Given the proper inputs, machine learning can produce models that relate satellite imagery data to water quality. For example, in Nova Scotia, we conducted an analysis of data for the New Brunswick Department of Transportation. Using satellite imagery, we observed the total suspended solids (TSS) over a 25-year period. The data showed that the increase in TSS was a result of more industrial activity on upstream tributary rivers entering the bay.
This gives regulators a clearer picture of how water quality varies across a catchment area. It also helps them understand to what degree different pollutant inputs impact the aggregate water quality. This gets right down to specific water course reaches and environmental endpoints—such as a drinking water source, an estuary, a spawning area, or a beach.

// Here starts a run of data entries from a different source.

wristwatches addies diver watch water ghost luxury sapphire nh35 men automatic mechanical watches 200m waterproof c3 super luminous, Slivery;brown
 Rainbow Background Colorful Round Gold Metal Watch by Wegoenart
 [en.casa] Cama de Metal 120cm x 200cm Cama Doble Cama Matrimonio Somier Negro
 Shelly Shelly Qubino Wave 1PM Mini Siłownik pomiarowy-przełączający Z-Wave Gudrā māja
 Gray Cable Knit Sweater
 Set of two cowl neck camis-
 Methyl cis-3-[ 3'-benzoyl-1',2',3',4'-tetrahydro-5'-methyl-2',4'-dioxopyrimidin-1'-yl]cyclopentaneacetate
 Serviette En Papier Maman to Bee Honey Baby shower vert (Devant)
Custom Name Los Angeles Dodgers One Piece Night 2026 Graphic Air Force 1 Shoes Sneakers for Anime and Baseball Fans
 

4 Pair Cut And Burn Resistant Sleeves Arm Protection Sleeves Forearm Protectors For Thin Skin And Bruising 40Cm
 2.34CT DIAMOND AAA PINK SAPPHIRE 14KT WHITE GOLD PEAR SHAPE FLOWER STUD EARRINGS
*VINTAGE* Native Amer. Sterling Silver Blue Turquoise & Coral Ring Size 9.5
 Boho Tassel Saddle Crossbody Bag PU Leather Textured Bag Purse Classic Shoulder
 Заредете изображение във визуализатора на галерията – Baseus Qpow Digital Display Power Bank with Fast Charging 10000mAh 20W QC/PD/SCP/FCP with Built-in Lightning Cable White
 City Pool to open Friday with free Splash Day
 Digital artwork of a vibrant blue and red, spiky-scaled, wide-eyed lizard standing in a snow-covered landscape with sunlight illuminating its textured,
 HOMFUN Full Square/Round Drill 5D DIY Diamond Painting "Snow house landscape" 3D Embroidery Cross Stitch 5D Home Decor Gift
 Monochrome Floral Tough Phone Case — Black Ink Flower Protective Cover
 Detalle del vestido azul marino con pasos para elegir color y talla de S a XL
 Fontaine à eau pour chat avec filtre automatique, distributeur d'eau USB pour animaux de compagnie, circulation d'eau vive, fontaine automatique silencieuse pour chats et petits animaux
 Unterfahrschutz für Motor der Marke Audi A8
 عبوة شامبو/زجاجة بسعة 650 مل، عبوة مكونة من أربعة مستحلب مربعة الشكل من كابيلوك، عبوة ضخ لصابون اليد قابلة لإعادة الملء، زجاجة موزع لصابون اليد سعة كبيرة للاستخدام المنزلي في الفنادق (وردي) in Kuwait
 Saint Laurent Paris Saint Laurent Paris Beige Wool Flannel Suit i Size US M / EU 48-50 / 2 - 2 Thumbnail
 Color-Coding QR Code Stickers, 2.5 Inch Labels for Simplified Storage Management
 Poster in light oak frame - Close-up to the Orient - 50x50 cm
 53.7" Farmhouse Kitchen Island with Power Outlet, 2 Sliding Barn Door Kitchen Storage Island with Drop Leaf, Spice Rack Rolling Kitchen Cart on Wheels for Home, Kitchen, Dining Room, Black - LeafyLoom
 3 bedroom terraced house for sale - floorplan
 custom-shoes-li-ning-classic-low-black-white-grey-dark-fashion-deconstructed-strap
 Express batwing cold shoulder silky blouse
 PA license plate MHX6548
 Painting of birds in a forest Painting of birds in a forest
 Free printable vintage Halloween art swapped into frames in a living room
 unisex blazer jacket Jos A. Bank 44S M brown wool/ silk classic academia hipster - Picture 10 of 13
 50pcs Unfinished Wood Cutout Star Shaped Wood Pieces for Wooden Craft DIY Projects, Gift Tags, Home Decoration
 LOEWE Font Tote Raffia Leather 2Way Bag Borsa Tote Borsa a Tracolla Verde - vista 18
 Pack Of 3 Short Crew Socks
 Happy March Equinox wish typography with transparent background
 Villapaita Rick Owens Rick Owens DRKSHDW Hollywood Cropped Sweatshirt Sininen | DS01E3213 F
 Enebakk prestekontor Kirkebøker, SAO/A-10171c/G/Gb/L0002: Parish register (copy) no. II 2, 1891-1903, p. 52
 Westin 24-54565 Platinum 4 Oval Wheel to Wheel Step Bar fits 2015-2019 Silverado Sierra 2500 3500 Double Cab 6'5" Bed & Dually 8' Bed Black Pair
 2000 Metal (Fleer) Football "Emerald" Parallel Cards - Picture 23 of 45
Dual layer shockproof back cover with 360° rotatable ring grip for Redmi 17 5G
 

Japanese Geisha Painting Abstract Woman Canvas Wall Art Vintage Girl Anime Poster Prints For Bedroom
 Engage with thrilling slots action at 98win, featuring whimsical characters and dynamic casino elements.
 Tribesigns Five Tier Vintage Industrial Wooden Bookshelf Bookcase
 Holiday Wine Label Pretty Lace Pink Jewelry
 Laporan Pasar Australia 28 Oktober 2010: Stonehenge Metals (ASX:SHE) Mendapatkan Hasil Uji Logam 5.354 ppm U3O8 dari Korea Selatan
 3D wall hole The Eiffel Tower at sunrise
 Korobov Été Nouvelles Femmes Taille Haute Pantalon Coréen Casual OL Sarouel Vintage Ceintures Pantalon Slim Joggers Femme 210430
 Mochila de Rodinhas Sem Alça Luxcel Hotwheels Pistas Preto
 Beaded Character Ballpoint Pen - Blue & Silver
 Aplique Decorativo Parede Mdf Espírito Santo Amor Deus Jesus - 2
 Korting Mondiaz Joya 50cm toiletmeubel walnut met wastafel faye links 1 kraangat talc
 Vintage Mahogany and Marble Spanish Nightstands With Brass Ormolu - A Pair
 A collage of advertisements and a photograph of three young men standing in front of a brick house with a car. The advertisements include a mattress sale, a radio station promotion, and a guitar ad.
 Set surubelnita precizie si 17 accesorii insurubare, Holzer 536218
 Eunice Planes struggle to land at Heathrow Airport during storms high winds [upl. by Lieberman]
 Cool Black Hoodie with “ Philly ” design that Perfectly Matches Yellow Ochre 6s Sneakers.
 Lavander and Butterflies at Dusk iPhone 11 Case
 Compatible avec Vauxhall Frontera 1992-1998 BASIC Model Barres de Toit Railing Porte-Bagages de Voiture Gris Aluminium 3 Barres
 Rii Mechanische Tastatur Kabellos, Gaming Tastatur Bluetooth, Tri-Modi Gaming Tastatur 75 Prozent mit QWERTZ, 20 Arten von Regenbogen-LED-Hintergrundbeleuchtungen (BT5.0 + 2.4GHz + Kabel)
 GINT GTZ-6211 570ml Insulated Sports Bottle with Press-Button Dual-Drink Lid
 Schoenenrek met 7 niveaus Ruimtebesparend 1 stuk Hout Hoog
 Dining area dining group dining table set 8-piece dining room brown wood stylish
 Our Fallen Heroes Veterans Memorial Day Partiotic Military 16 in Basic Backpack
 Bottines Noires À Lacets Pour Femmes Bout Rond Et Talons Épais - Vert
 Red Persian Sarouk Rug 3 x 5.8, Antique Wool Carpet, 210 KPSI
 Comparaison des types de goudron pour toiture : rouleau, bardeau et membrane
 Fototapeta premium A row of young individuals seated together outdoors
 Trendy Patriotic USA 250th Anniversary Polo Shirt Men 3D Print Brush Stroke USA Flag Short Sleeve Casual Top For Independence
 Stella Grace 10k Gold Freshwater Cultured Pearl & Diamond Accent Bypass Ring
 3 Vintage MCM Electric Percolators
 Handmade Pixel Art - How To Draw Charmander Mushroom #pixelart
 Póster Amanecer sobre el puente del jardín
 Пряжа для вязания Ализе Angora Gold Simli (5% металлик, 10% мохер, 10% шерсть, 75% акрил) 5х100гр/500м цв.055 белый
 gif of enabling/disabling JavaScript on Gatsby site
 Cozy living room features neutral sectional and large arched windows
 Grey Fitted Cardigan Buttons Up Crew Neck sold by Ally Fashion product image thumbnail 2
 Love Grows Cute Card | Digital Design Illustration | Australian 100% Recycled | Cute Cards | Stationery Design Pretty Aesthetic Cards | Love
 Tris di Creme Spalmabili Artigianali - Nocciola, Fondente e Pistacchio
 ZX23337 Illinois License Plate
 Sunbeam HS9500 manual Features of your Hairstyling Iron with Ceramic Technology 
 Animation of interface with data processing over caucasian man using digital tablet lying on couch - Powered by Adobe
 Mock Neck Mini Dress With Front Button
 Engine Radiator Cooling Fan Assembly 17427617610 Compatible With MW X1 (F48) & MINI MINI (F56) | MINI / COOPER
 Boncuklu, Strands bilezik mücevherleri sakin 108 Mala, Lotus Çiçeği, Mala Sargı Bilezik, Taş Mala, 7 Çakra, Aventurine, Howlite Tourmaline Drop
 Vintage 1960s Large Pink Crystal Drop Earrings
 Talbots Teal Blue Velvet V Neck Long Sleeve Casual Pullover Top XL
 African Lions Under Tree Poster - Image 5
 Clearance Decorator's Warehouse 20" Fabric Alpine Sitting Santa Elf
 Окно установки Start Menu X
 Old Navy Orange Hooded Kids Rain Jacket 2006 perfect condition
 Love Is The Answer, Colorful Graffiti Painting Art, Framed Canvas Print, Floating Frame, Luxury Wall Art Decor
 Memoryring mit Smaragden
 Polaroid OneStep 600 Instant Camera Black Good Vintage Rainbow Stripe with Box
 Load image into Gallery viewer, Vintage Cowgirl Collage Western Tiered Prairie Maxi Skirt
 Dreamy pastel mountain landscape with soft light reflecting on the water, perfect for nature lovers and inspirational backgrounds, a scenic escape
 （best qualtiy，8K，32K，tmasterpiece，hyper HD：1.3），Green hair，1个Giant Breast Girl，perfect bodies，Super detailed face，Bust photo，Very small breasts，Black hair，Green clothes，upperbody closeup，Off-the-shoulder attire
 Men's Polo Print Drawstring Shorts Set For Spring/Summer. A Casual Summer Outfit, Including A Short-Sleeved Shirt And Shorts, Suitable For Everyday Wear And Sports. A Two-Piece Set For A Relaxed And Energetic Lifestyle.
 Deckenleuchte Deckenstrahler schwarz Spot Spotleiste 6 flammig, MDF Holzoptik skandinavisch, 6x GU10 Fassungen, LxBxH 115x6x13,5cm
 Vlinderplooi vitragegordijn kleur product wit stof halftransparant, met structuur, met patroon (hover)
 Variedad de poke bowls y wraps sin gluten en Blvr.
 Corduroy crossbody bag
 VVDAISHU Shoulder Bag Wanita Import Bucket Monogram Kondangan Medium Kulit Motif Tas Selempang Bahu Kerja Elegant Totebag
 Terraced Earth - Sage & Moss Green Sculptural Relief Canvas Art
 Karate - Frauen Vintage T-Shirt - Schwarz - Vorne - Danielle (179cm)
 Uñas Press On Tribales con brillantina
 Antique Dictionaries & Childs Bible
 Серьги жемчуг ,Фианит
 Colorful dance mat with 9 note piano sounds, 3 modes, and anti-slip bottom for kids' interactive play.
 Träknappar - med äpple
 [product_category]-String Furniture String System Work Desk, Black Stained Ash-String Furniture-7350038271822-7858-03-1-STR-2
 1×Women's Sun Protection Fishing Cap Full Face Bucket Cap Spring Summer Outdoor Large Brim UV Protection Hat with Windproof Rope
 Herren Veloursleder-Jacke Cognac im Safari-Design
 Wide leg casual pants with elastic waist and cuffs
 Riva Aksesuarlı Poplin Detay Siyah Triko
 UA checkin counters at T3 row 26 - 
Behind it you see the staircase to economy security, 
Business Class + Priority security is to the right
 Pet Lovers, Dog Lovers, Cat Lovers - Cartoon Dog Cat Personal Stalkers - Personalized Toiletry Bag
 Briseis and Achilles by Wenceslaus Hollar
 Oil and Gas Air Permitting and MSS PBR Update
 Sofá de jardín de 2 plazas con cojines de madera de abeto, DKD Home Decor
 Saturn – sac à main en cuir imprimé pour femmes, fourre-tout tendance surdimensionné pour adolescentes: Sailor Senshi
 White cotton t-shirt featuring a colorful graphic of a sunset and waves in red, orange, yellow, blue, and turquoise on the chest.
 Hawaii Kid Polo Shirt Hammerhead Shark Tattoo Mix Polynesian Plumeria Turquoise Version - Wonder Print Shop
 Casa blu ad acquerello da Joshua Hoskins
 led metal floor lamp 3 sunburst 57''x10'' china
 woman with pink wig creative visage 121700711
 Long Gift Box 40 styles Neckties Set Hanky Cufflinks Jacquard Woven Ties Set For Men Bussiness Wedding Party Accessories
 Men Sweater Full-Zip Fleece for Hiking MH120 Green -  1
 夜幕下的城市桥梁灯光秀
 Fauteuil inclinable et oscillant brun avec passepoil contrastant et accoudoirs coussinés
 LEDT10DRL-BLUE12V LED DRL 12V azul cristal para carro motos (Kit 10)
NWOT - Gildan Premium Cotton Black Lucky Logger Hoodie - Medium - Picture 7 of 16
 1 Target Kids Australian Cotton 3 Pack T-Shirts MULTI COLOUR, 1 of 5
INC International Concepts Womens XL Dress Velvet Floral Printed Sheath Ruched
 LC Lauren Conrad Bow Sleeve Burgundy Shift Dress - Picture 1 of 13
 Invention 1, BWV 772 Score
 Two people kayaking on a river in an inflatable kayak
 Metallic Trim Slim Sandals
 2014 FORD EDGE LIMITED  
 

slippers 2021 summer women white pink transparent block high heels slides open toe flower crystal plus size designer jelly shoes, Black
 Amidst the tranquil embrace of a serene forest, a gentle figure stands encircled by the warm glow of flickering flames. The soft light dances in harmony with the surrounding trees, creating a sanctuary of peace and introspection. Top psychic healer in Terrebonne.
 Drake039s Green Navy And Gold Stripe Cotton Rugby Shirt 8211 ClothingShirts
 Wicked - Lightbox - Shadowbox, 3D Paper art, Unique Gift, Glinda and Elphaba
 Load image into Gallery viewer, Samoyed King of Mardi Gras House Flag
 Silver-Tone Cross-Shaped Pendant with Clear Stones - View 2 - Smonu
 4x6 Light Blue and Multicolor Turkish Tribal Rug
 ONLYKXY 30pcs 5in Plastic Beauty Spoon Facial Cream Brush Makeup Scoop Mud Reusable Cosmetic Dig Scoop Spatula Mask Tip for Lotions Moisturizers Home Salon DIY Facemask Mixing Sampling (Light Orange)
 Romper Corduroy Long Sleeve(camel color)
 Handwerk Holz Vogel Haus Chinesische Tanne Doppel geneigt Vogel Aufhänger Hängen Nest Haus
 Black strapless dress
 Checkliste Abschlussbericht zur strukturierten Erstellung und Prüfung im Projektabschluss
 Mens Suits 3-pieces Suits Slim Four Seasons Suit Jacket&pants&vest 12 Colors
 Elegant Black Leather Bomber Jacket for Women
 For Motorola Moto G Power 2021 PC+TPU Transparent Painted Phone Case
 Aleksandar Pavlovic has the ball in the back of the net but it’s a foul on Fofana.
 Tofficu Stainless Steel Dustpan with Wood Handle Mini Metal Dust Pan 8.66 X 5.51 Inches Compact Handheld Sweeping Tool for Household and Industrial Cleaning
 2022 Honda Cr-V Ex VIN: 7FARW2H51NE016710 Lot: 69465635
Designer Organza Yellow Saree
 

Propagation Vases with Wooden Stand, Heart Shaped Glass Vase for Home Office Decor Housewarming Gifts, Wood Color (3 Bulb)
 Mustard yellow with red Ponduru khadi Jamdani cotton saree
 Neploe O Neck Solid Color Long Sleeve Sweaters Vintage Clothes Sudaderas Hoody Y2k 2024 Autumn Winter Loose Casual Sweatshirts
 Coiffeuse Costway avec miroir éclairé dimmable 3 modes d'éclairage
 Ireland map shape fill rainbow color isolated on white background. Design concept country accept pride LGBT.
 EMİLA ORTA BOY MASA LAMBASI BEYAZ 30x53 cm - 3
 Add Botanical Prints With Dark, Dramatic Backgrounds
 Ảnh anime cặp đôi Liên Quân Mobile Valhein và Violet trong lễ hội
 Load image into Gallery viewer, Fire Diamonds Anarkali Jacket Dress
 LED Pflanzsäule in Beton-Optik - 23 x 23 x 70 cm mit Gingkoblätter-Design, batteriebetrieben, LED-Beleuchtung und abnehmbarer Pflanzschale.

With the data now available, we open the for a digital water approach and One Water permitting. We no longer need to continue with the traditional fragmented approaches.
This resolves technical issues that work against singular watershed-based permitting. It does not resolve political issues that limit the regulation of nonpoint source contributions to water pollution. But there are some regional watershed plans today where voluntary participation is in place, like the Chesapeake Bay and Long Island Sound watersheds. These are often coupled with regional total maximum daily load mandates. With more and better environmental data sets, the plans become even more robust.
The real question here is “so what?” If the three elements discussed became reality and One Water comes into being, what’s the outcome? Truth be told, we believe it would drive incredible change and harmony through communities and their local economies. People would begin to understand how our water resources work as one—and see how the benefits reach beyond water to enhance quality of life.
For instance, we manage stormwater runoff to protect property. But as stormwater is captured and stored, it can have many uses. Once it’s treated, it’s good as non-potable water for irrigation, industrial water uses, or groundwater recharge.
Also consider used water, traditionally known as wastewater. When used water is treated to predefined quality levels, it can be reused to augment a variety of non-potable uses. And potable use, too. And the benefits go beyond the water resource.
For example, we can use heat extracted from used water for local district heating. Also, we can recover nutrients present in treated used water to augment or even replace agricultural fertilizers. And don’t forget about the movement of water itself. The kinetic energy present in water flowing in pipelines can be captured for electricity production. This has potential to address existing water inequities.
Though it all seems logical, we recognize that there’s potential for a rebound effect. This means consumption could increase because integrated water sectors may give the false impression that more water is available. In people’s minds, no net negative environmental impact will result if we consume more.
Therefore, as we move toward a One Water framework, each community must make sure this doesn’t happen. We can keep demand in check with education and proper messaging about the goal of One Water: to make water available for a sustainable future.
We have yet to bring the concept of One Water to the utility level. That’s why we haven’t realized the benefits to water customers and society. While there have been some successes in piloting service and workforce consolidation, it’s piecemeal at best. Without integrated regulatory frameworks, the movement is stagnant. It may never reach its full potential.
But we have hope. The potential is greater than ever before as One Water becomes more widely recognized. The explosion of digital technology makes it possible to monitor, quantify, and analyze pollutant sources that influence water quantity and quality across an entire watershed in near real time.
We now have the tools to truly realize the benefits of One Water. The time to act is now.